» Your instructions: Please give again exactly the lines from the top of the material through the line with "Oppervlakte - Textuur"; omit each picture.

» Information shown:
>>>

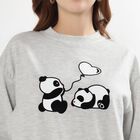 Women's Light Grey Crew Neck Casual Sweatshirt, Melange Light Grey, small image number null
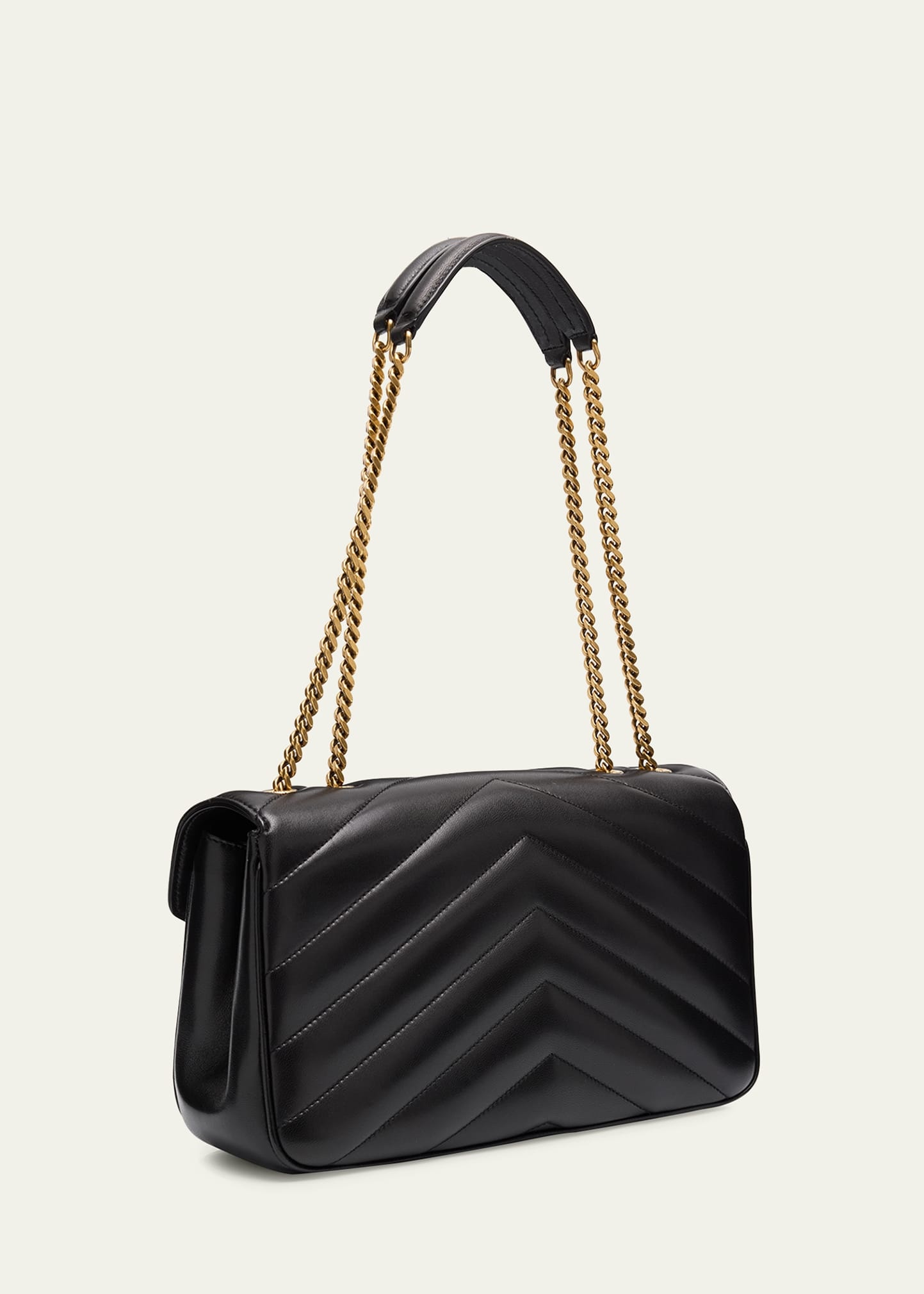 Loulou Medium YSL Chain Shoulder Bag in Quilted Leather - 3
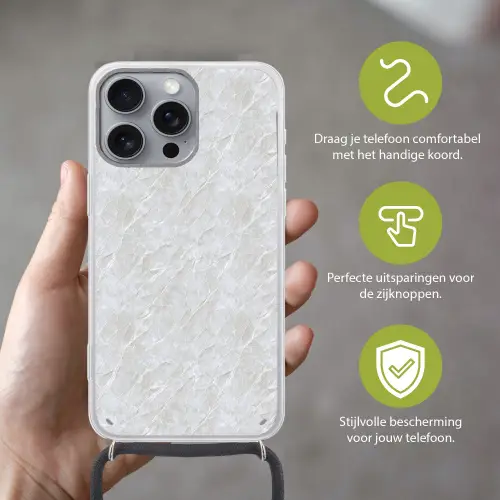 Oppervlakte - Textuur - Grijs Hoesje iPhone 16 Pro Max met koord klein 804 -sfeer2_NL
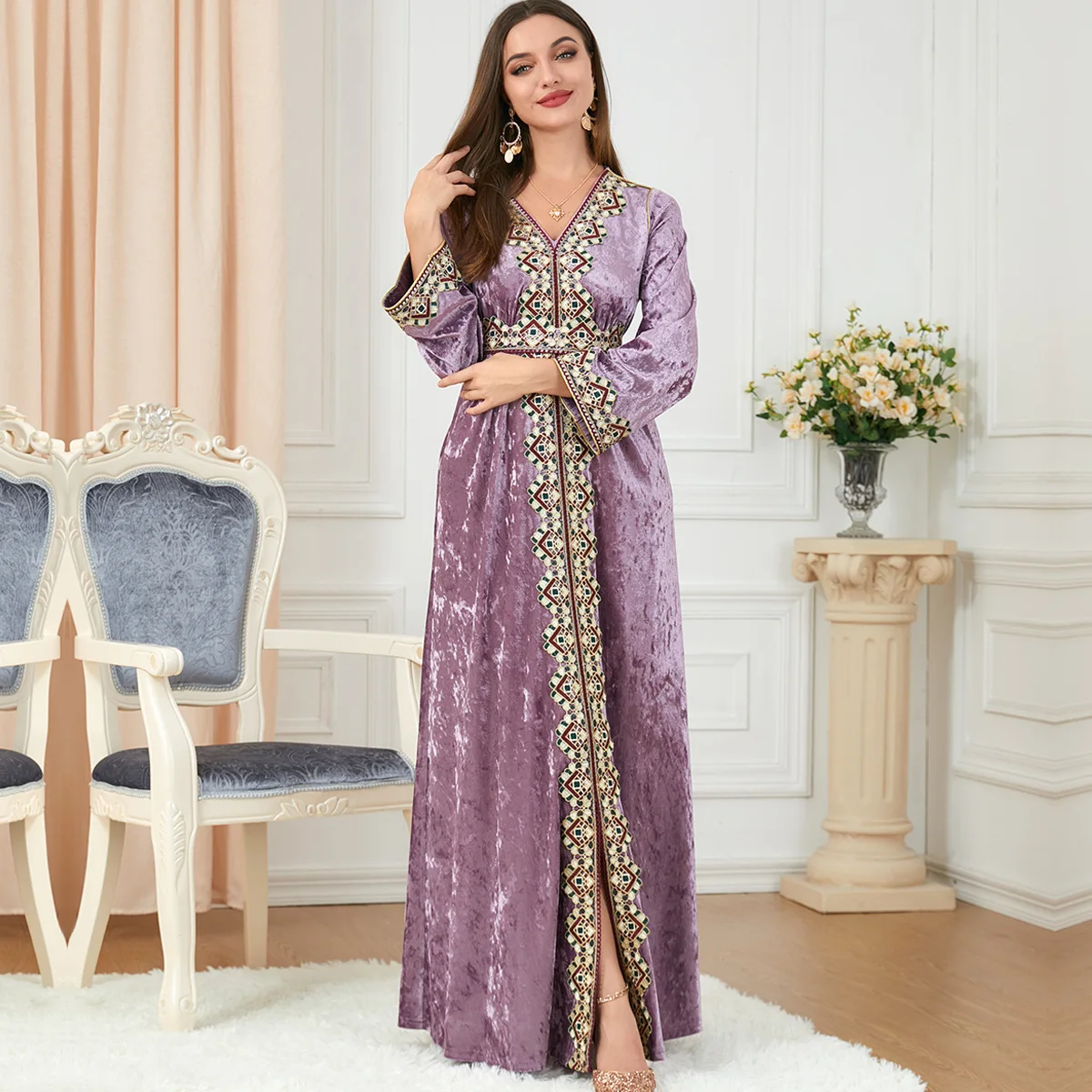Winter Autumn Velvet Muslim Dress Women Abaya Embroidery Party Dress Thicken Split Kaftan Islam Turkey Arabic Long Robe Dresses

<<<

» Exercise answer:
 Women's Light Grey Crew Neck Casual Sweatshirt, Melange Light Grey, small image number null
 Loulou Medium YSL Chain Shoulder Bag in Quilted Leather - 3
 Oppervlakte - Textuur - Grijs Hoesje iPhone 16 Pro Max met koord klein 804 -sfeer2_NL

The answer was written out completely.